Wednesday, November 30, 2016
Fight for a living wage to include those who once had one
The fight to raise the minimum wage has had many successes after 4 years, mainly among city dwellers where the old minimum was obscenely low. Now the Fight For $15 is focusing its attention on a new group, one that previously had a living wage and has been quietly and effectively screwed out of it over the years.
Now, four years into their crusade, the movement’s leaders are signaling a determination to expand their reach beyond the urban working poor, who were among the chief beneficiaries of their earlier efforts. Among their new targets: working-class Americans frustrated by an economy that is no longer producing the middle-class jobs they or their parents once held.And just as their fight becomes so much more difficult with the ascent of the Mad Orange Cheeto and his hate filled thugs.
Many of these workers voted for Donald J. Trump.
“A whole bunch of us out there are not doing well,” Scott Courtney, executive vice president of the Service Employees International Union and one of the chief architects of the Fight for $15 campaign, said in an interview last week.
“In red states, blue states; black, brown, white — people are hurting,” he said. “Sixty-four million of them don’t make $15 per hour.”
As part of the push, thousands of workers turned out in dozens of cities on Tuesday to demand a $15 wage, better working conditions and the right to unionize. Thousands of airport workers, including baggage handlers, cabin cleaners and wheelchair attendants, loomed at the center of the protests, demonstrating and even walking off the job at some of the nation’s busiest airports, like O’Hare International in Chicago.
Leaders of the Fight for $15 highlighted the symbolic importance of the airport workers, whose jobs decades ago paid a living wage. More recently, the jobs have become a source of financial hardship as outsourcing to nonunion contractors has taken its toll — a dynamic arguably central to Mr.
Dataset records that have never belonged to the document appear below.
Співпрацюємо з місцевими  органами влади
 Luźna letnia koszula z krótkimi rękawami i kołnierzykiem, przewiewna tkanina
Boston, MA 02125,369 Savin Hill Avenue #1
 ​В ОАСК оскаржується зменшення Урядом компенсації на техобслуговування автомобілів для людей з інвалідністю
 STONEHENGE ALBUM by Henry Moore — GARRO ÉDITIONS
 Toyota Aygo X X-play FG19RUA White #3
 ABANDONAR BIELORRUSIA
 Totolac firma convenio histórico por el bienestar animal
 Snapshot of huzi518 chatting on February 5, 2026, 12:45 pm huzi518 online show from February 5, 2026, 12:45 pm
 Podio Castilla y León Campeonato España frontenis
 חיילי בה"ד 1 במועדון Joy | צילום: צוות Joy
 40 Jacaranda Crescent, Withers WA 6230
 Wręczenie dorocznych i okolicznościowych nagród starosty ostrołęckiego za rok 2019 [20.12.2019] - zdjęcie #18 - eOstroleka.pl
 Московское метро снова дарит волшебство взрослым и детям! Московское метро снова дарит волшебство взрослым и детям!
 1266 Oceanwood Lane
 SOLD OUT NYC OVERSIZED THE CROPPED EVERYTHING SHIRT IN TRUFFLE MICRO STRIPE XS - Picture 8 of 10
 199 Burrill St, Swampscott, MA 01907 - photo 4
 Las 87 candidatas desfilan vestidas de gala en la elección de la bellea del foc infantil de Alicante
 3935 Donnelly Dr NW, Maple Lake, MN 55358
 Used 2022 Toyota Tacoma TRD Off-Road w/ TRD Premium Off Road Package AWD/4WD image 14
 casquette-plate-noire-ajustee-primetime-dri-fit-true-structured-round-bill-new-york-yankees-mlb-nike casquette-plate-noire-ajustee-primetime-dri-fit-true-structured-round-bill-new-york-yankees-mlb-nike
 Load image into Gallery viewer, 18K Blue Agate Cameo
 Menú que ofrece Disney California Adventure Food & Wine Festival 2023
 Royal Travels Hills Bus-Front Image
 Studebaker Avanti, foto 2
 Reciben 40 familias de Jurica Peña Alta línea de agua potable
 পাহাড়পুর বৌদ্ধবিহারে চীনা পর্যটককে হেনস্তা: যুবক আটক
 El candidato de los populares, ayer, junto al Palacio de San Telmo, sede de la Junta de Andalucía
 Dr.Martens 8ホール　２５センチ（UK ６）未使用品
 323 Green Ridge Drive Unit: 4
Trump’s election.
In other cases, blue-collar workers have lost high-paying union jobs at factories and replaced them with lower-paying jobs at nonunion factories or e-commerce fulfillment centers.
“We’re shining a light on a part of the economy that used to be living-wage work,” said Mary Kay Henry, the president of the Service Employees International Union, which has spent tens of millions of dollars on the Fight for $15 campaign. “They’re joining with fast-food workers, child care, home care, which have never been living wage work.”